Set out word for word the line that contains "Fiat Grande Punto - Airco / Elec pakket" and each line after it, through the end of the data below, but exclude the pictures.

[Source data]

=-=-=-=-=

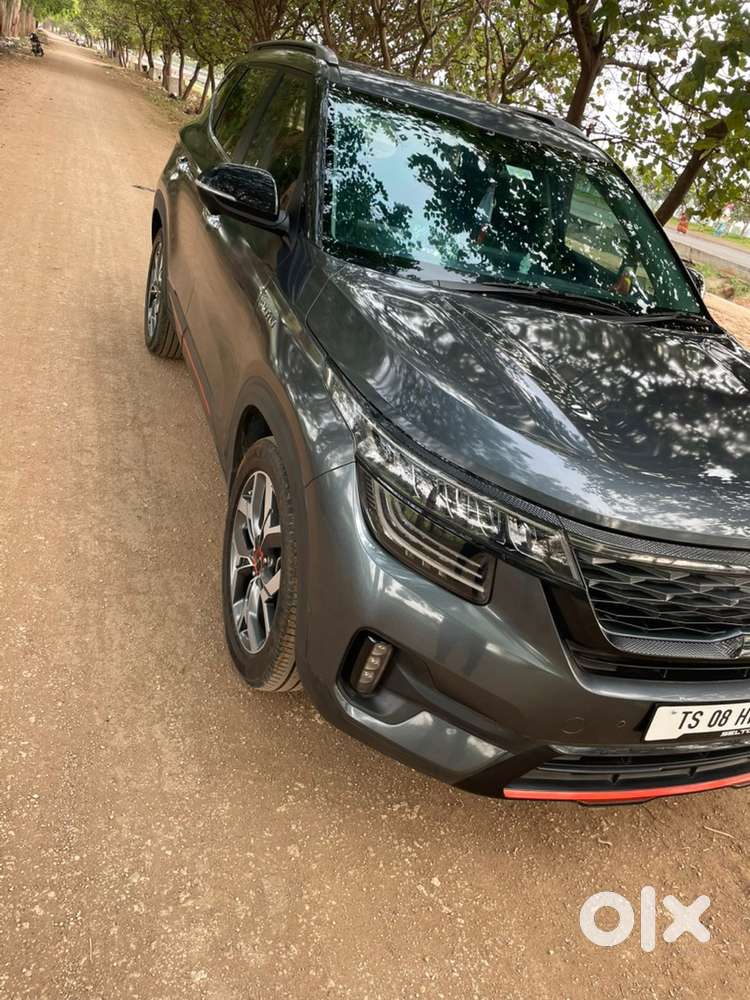 Kia Seltos 1.5 Diesel 2021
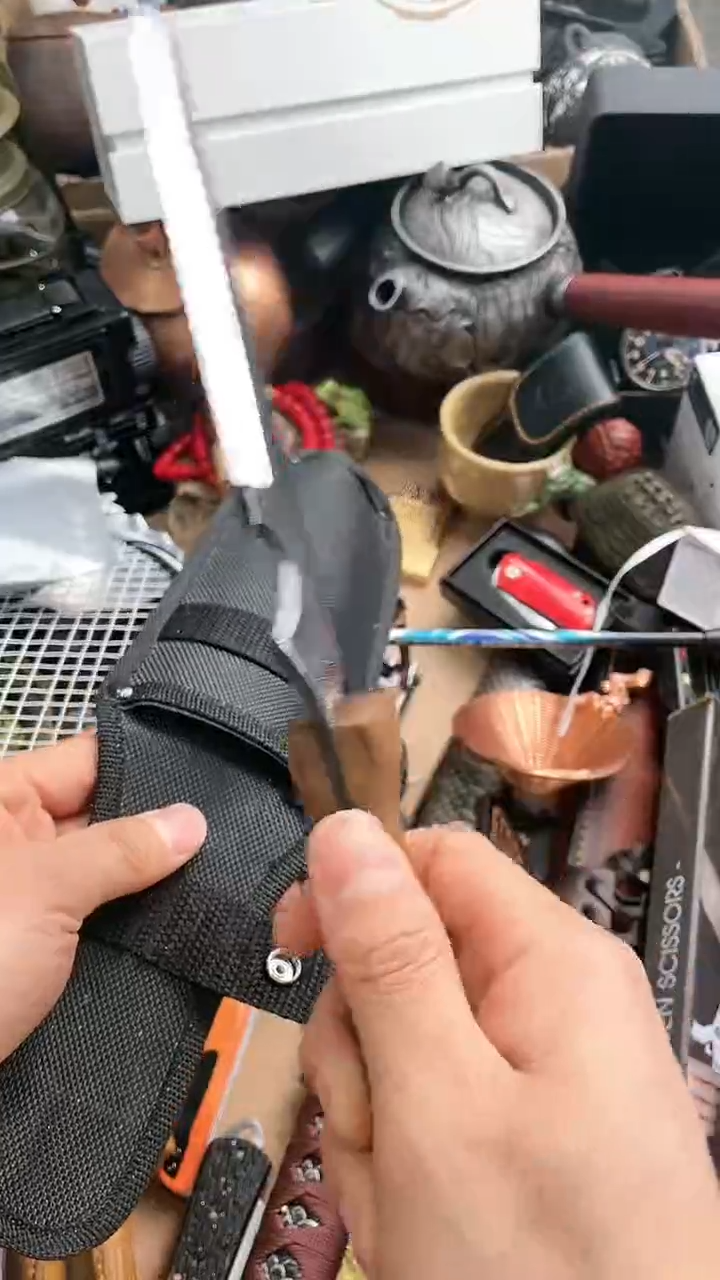 【闪购商品】瓷片悠韵杂货铺6号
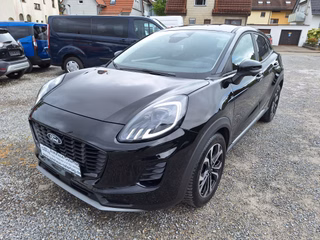 Ford Puma Gebrauchtwagen Kaufen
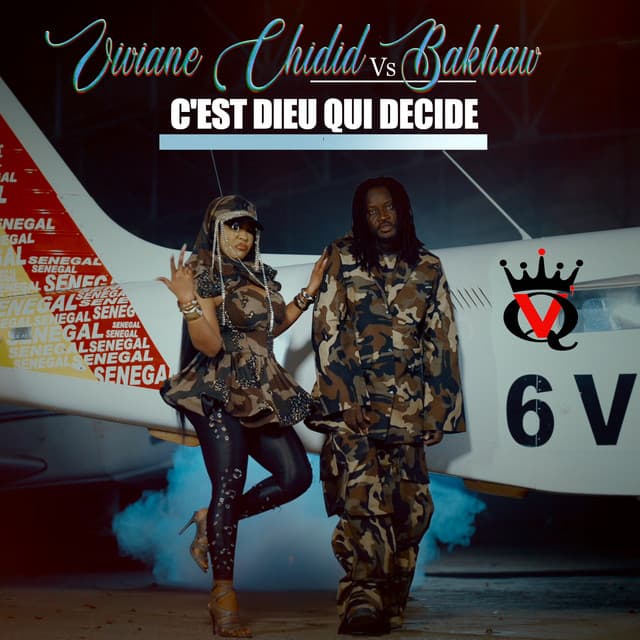 C'EST DIEU QUI DECIDE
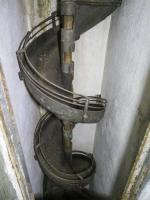 Ligne Maginot - MONT AGEL - (Ouvrage d'artillerie) - Bloc 5
Toboggan pour les douilles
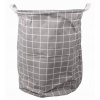 Samostatný kôš na bielizeň Oskar 80 l, sivý Samostatný kôš na bielizeň Oskar 80 l, sivý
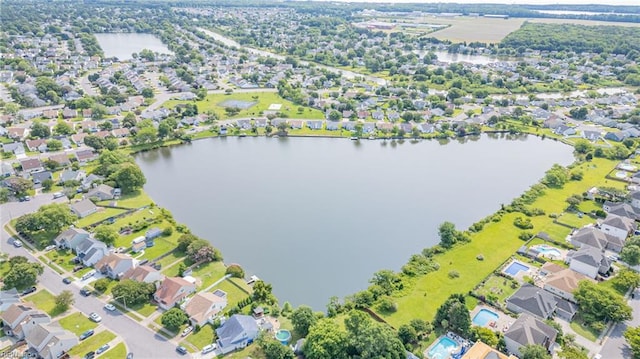 1213 Mozart Dr, Virginia Beach, VA 23454 - view of property location with a nearby body of water and nearby suburban area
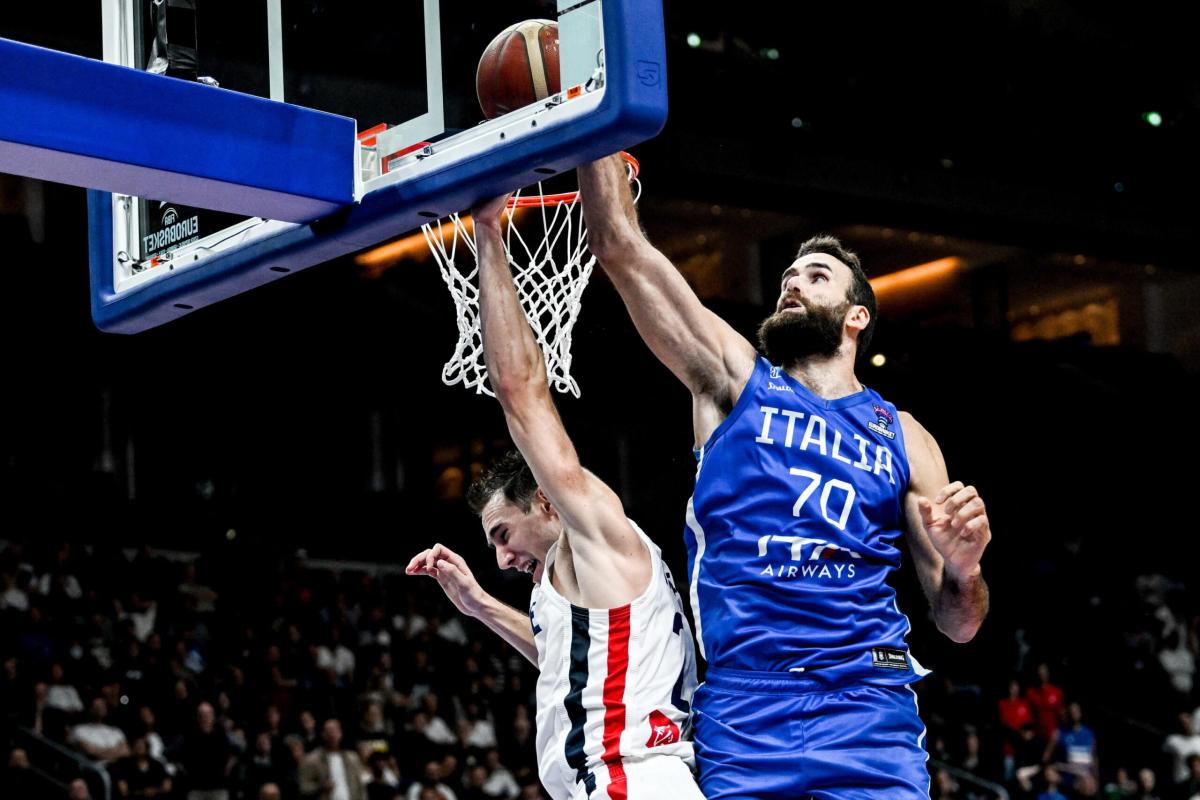 Mondiali basket 2023, l’Italia “taglia” Visconti: il roster si asso…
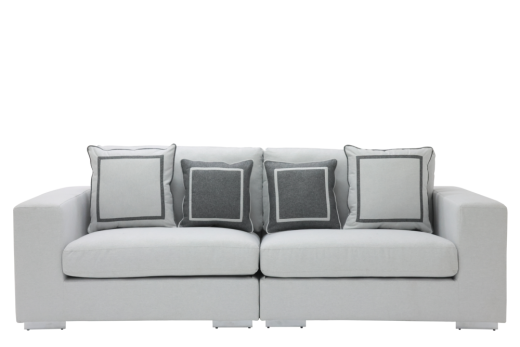 Sofa BEATRIS PLUS Light Gray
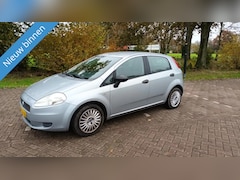 Fiat Grande Punto - Airco / Elec pakket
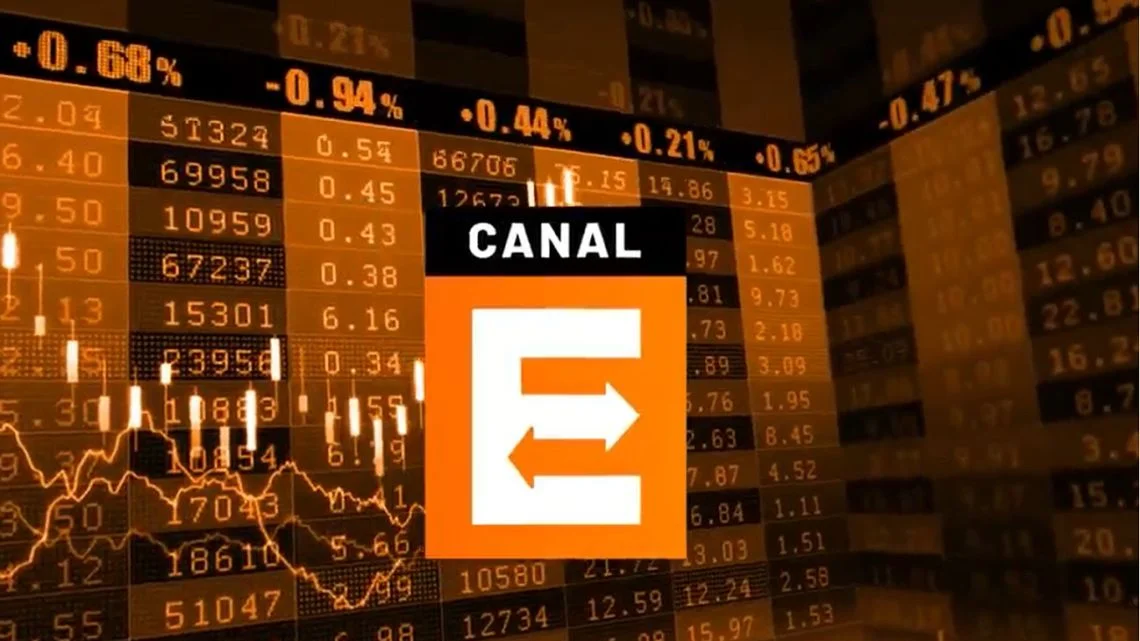 Canal E ofrece análisis económico en vivo: claves para entender el mercado hoy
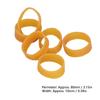 120pcs Flexible Elastic Rubber Bands Strong Industrial Rubber Bands Durable Rubber Bands  Home Use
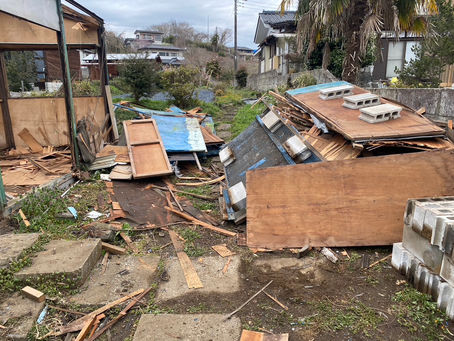 茨城県常陸大宮市で木材の片づけを依頼するなら便利屋すずきがオススメ!!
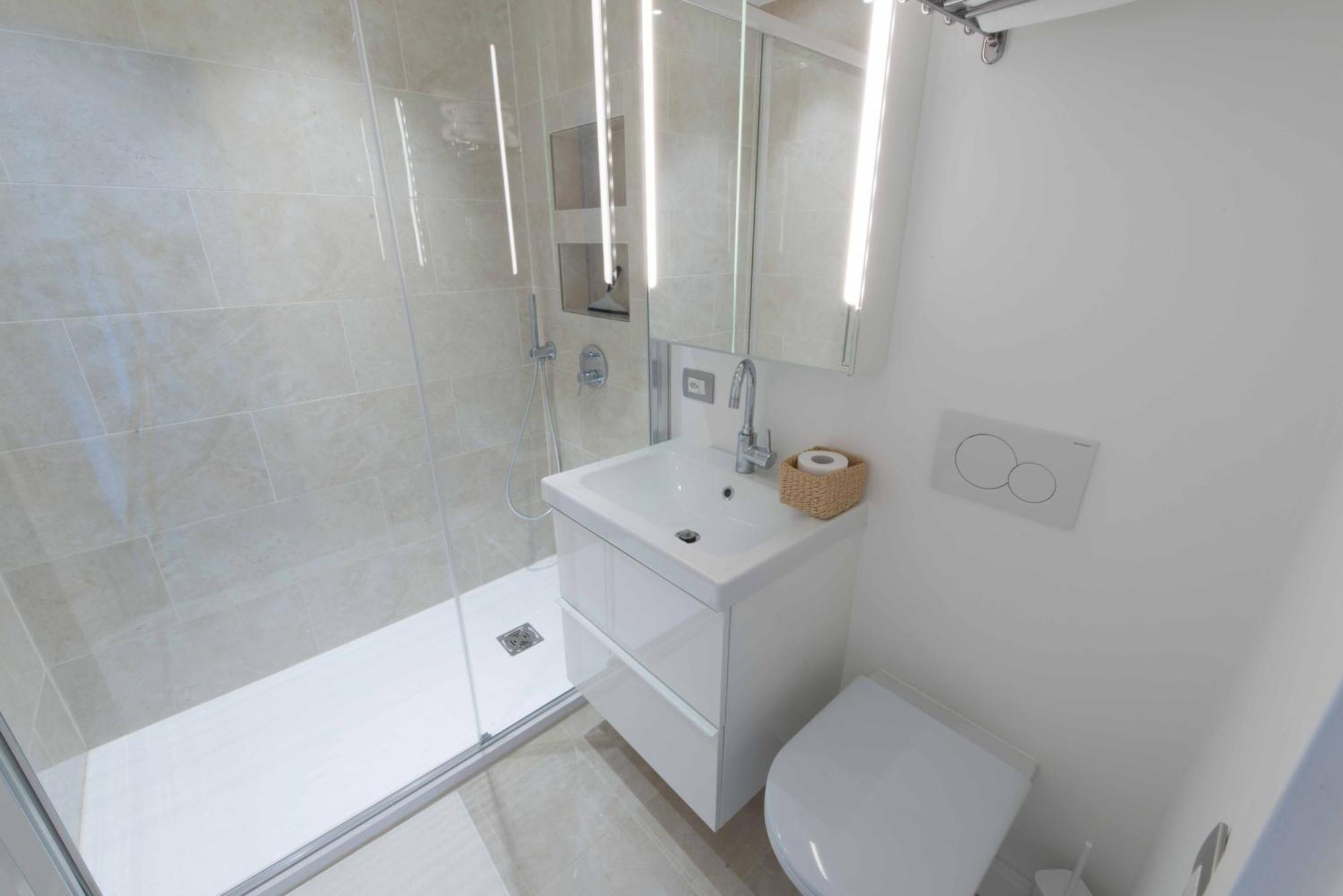 Lakeview Panorama Penthouse With Washer & Dryer Lugano Exteriér fotografie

=-=-=-=-=

RESPONSE BOX:
 Fiat Grande Punto - Airco / Elec pakket
 Canal E ofrece análisis económico en vivo: claves para entender el mercado hoy
 120pcs Flexible Elastic Rubber Bands Strong Industrial Rubber Bands Durable Rubber Bands  Home Use
 茨城県常陸大宮市で木材の片づけを依頼するなら便利屋すずきがオススメ!!
 Lakeview Panorama Penthouse With Washer & Dryer Lugano Exteriér fotografie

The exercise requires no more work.